*What to produce*
The answer must reproduce the listing exactly, with every picture left out.

*Supplied information*

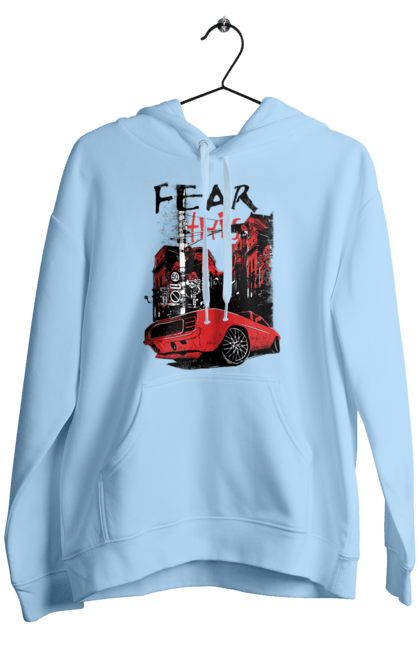 Men`s hoodie with prints Red Car In The City. Riding, town. 2070702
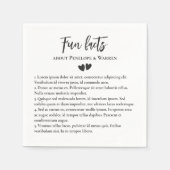 Serviette En Papier Deux Coeurs mignon Romantique Fun Facts Mariage (Devant)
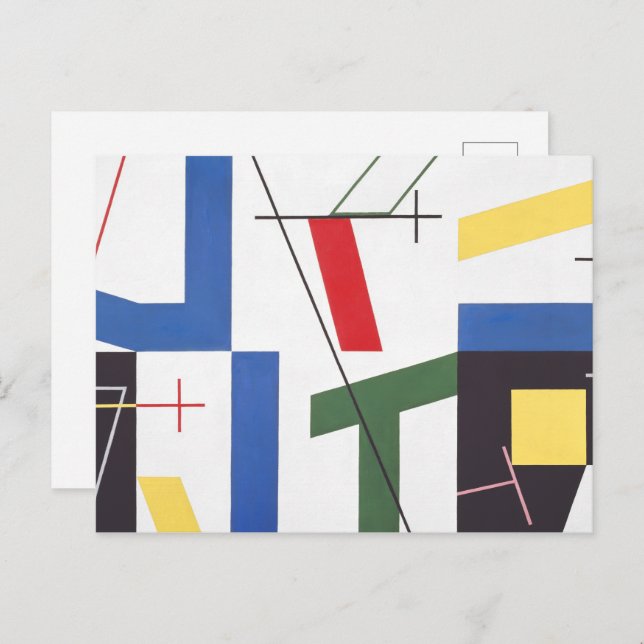 Cartão Postal Seis espaços com cruzamentos | Sophie Taeuber-Arp  (Frente/Verso)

*Answer to this task*
 Men`s hoodie with prints Red Car In The City. Riding, town. 2070702
 Serviette En Papier Deux Coeurs mignon Romantique Fun Facts Mariage (Devant)
 Cartão Postal Seis espaços com cruzamentos | Sophie Taeuber-Arp  (Frente/Verso)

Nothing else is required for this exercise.